According to wikipedia, Imagined interactions are when individuals imagine themselves in anticipated or recalled interaction with others....which allows one to talk to oneself and imagine talking to others as well.

http://en.wikipedia.org/wiki/Imagined_interaction

I have done this as long as I can remember. Every morning I imagine a conversation I might have during that day and I go over it again and again. Or, I will recall a conversation that went bad for me, and I will usually fix it in my head. Its been associated with SA, as a coping mechanism for not having real conversations or dealing with previous ones that went wrong.
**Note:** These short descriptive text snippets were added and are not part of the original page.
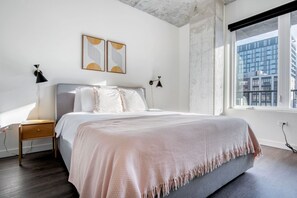 1 chambre, fer et planche Ă repasser, Wi-Fi, draps fournis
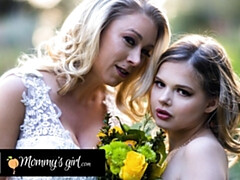 18 jahre, Grosse titten, Tochter, Kleid, Milf, Mutti, Jungendliche (18+), Hochzeit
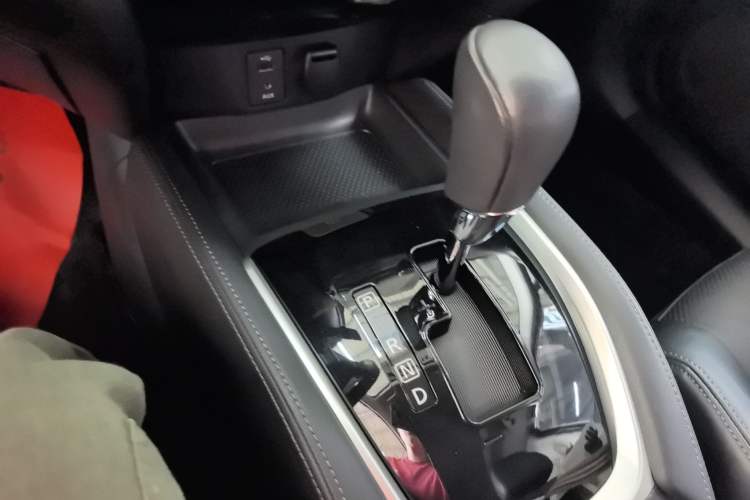 Used Nissan X-Trail 2014 2.5L CVT Leading Edition 4WD Gear Lever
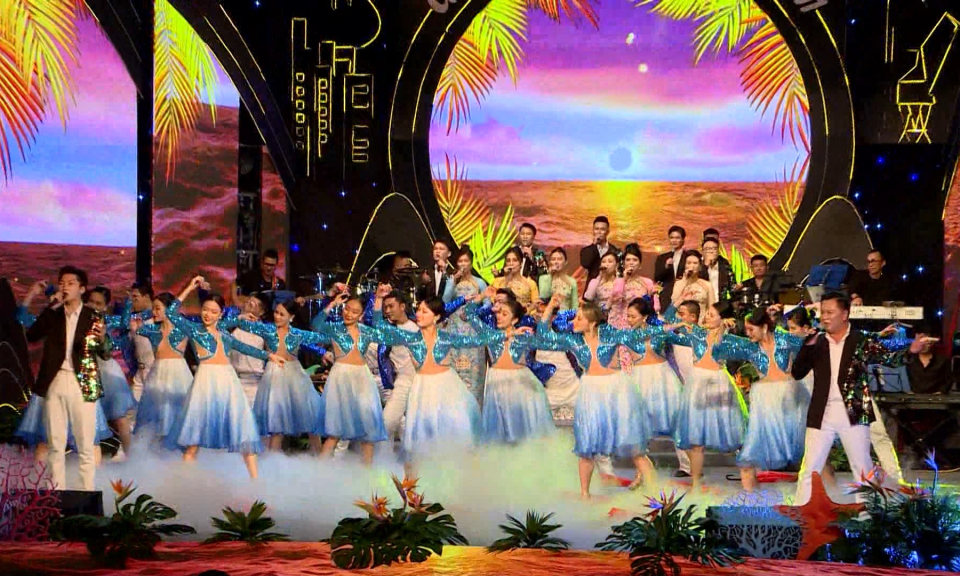 Ấn tượng chương tr&igrave;nh s&acirc;n khấu truyền h&igrave;nh &ldquo;Giai điệu miền cửa biển&rdquo;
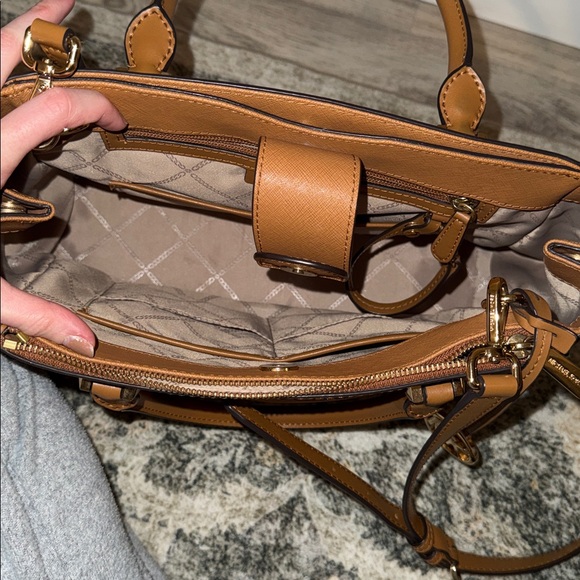 Michael Kors crossbody tote - Picture 2 of 3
I guess I don't see it as being a problem but is this common for others with SA?


----------



## lamboftartary (Jan 25, 2013)

yeah, well I've been doing it all my life..


----------



## jennyrsand (Mar 3, 2013)

i do that


----------



## The Phantom Pain (Oct 6, 2010)

Ever since the 7th grade which is when everything came about for me.


----------



## Phalene (Feb 15, 2013)

Thanks for the link, I did not even know there was a name for that.
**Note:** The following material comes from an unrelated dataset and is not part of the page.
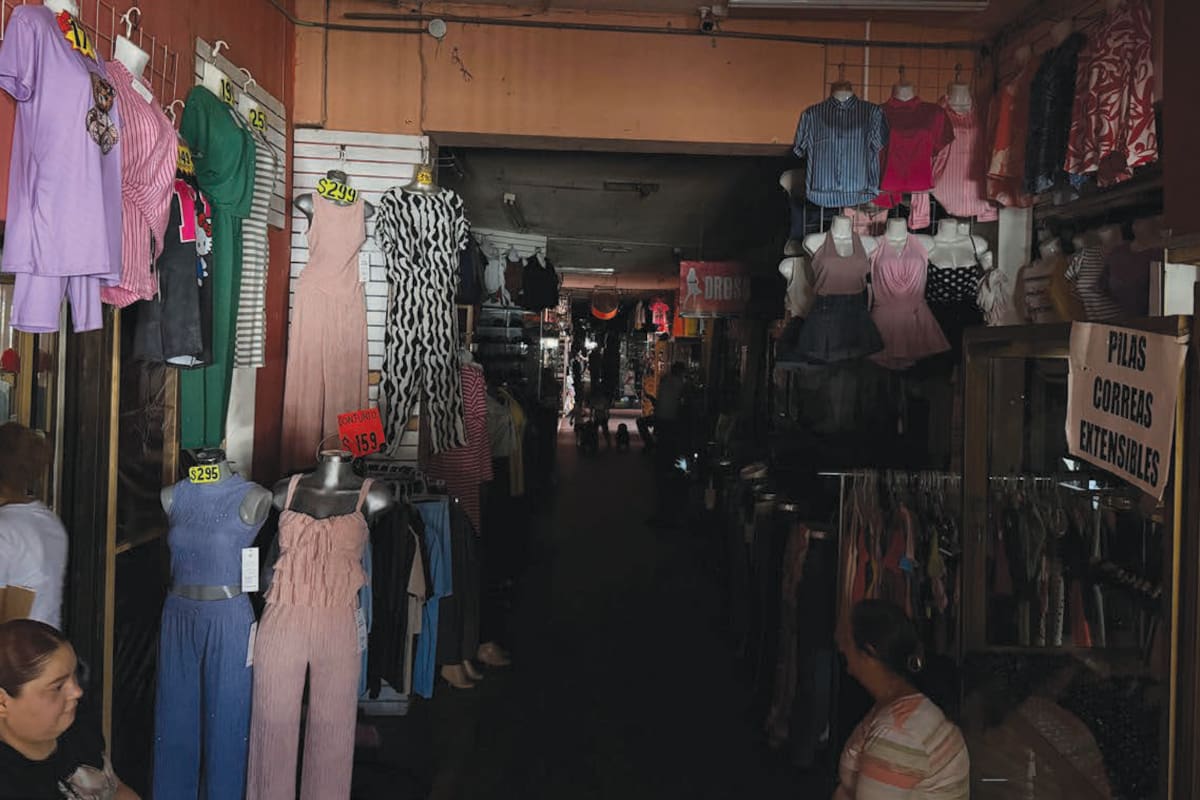 Apagones en el Centro de Ciudad Obregón afectan ventas, clientes y semáforos
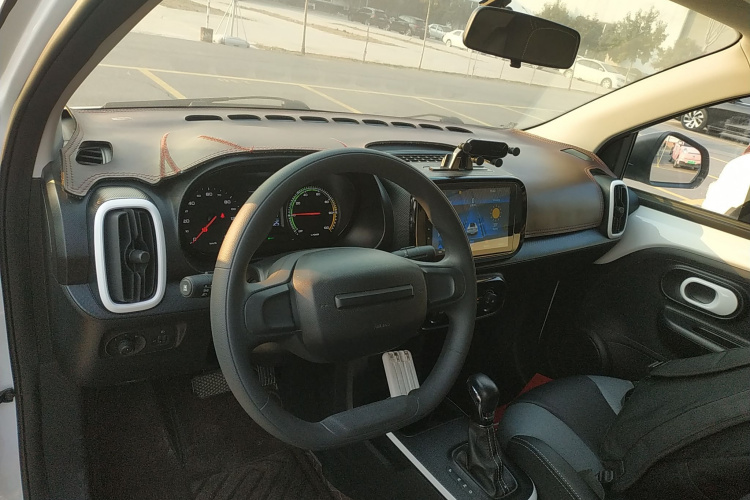 荣威 科莱威CLEVER 2022款 311km元气啵啵版中控内饰12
I often replay convos I had with people, convos in which I didn't manage to be clear or assertive. Like the OP, I try to "fix" things to feel better.
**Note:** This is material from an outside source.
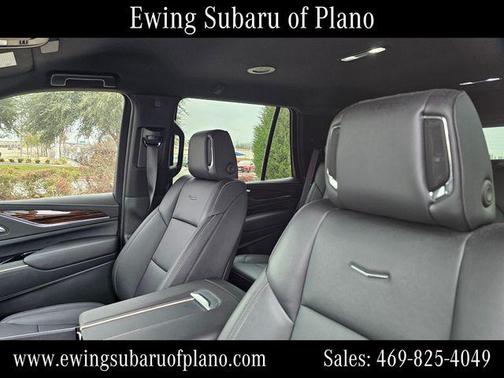 2024 Cadillac Escalade Luxury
I also often imagine conversations with this guy I was really in love with, amazingly cheesy stuff in which I am more confident, less ugly etc. It is a sad fantasy, really.


----------



## lad (Sep 26, 2011)

It's common with everyone.


----------



## graymatter (Mar 31, 2011)

Yeah, but I never knew there was so much information about it.

I frequently imagine future interactions, which in real life often go in a very different direction than I imagined.

I dwell on past conversations a lot too, sometimes I try to "fix" them, but I usually replay them as they were and relive the terror of my mistakes.


----------



## Chelse (Apr 13, 2013)

Phalene said:


> Thanks for the link, I did not even know there was a name for that.
> 
> I often replay convos I had with people, convos in which I didn't manage to be clear or assertive. Like the OP, I try to "fix" things to feel better.
> 
> I also often imagine conversations with this guy I was really in love with, amazingly cheesy stuff in which I am more confident, less ugly etc. It is a sad fantasy, really.


This is basically what I do too. I didn't know there was that much information on it either, I happened to stumble across it a few weeks ago. I couldn't believe how accurate and true it was!


----------



## Chelse (Apr 13, 2013)

Thanks for replying everyone! I've been curious about this for awhile, because I have done this for so long.


----------



## Vuldoc (Sep 8, 2011)

I do this more than I'd like to since if they actually happen in real life things never go as "smoothly" as they do in my imagined situation.


----------



## cephalexin (Nov 26, 2012)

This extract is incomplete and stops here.